The Charcoal Sovereign
by Steve Toase
Jamie found the book in our second year at art school. I remember this because he never made it to the third.
We were living in a shared house in the center of town, the type of place where everyone felt sleepy when the gas stove was turned on, and the windows had a constant film of condensation apart from winter when the condensation turned to ice. My parents paid the rent so at least we had the place to ourselves.
College was a half-hour bus ride and we both did most of our work at home, either in our neighboring rooms, or in the shared living room. Lack of space was the reason Jamie found the book. Lack of space was the reason Jamie never finished his degree.
The house was haunted but only by the spectres Jamie carried behind his eyes. I never asked what happened before we met that first morning in the studio at the college, but I knew that everything he did was trying to give the ghosts a new home in canvas and chalk and oils, but they never left him. No matter what damage he carried, he was kind and gentle, and if he was quiet sometimes, he was always companionable. He was also very fucking talented.
By the time we were living together, I’d discovered photography, and Jamie became one of my main models. He always joked that I was trying to capture his soul. Nothing I shot was as soulful as what he could conjure from a few lines on a piece of old canvas. I use the word conjure intentionally, because there was magic in the way he saw the world. The problem was, there are different types of magic, and the one that took hold of him was not beautiful or delicate or transformative, but consuming and cancerous and ravenous.

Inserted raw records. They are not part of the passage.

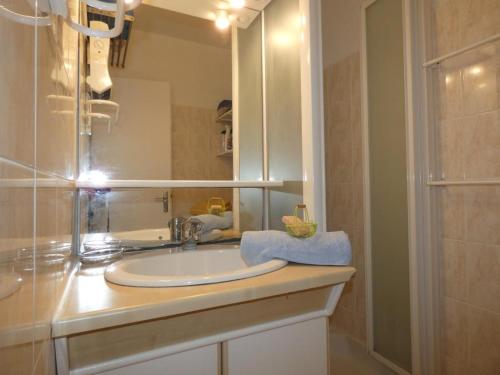 La salle de bains est pourvue d'un lavabo avec miroir et d'une douche. dans l'établissement Appartement T2 à Notre-Dame-de-Monts, balcon, parking, accès plage - FR-1-540-191, à Notre-Dame-de-Monts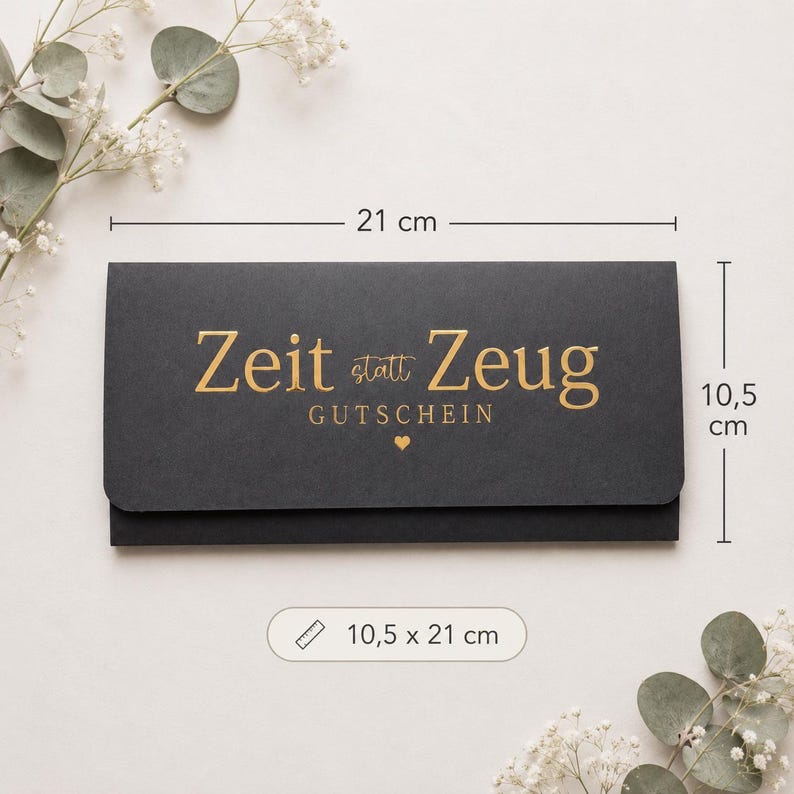May include: A rectangular black gift voucher envelope featuring gold foil text that reads Zeit statt Zeug GUTSCHEIN with a small heart icon. The envelope measures 8.27 inches by 4.13 inches as indicated by the visible dimension markers.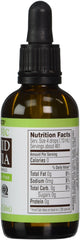 Pouring Trader Joe's Organic Liquid Stevia into coffee for natural sweetness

“I’m going to go up there,” he said one evening as we sat in the front room, sharing a bottle of cheap sherry and the last of a spliff made from the last of the spliffs we’d salvaged from the ashtray. It took me a moment to realize he’d spoken and a moment longer to realize he’d spoken to me.
“Going up where?” I said, the candlelight in the room blurred his face. Or maybe it was the sherry. Everything back then feels like soft focus.
“Up into the attic. I reckon it’s big enough to use to paint in. Maybe even set up as a studio.”
“Reclaim the front room?” I said, passing him the last of the joint. He shook his head and I took the last few drags, stopping when I tasted the charring of cardboard.
I’m not sure how long he was gone. Maybe thirty minutes. Maybe three hours. I was ignoring time because everything seemed to last too long back then. When you’re a student there’s always too much time.
He reappeared covered in dust, carrying an old cardboard box.
“Any joy?” I said.
“The floor’s not boarded out, and the roof is a bit low. But I found these books.”
He put it down in the middle of the room, sliding his hands out from underneath.
“Have you looked inside yet?”
“I thought you’d want first dibs.”
The first thing I unpacked after we moved into the house was my collection of books and he respected my addiction to cheap paperbacks. I sat down on the floor and opened the top, lifting them out one at a time.
“Anything interesting?” He said. I shook my head.
“Just seem to be old notebooks of some kind.”
“No 1970s insect horror then?” I laughed.
“Maybe lurking below the pages,” I said, then stood up, balancing myself against the back of the sofa. “I’m off to bed.”
He nodded and I left him alone as I walked unsteadily up to my room. I wish I’d looked at the books more closely. I wish I’d taken all of the books outside and chucked them in the bin. I wish so many things, but we are where we are now, transformed by what he found.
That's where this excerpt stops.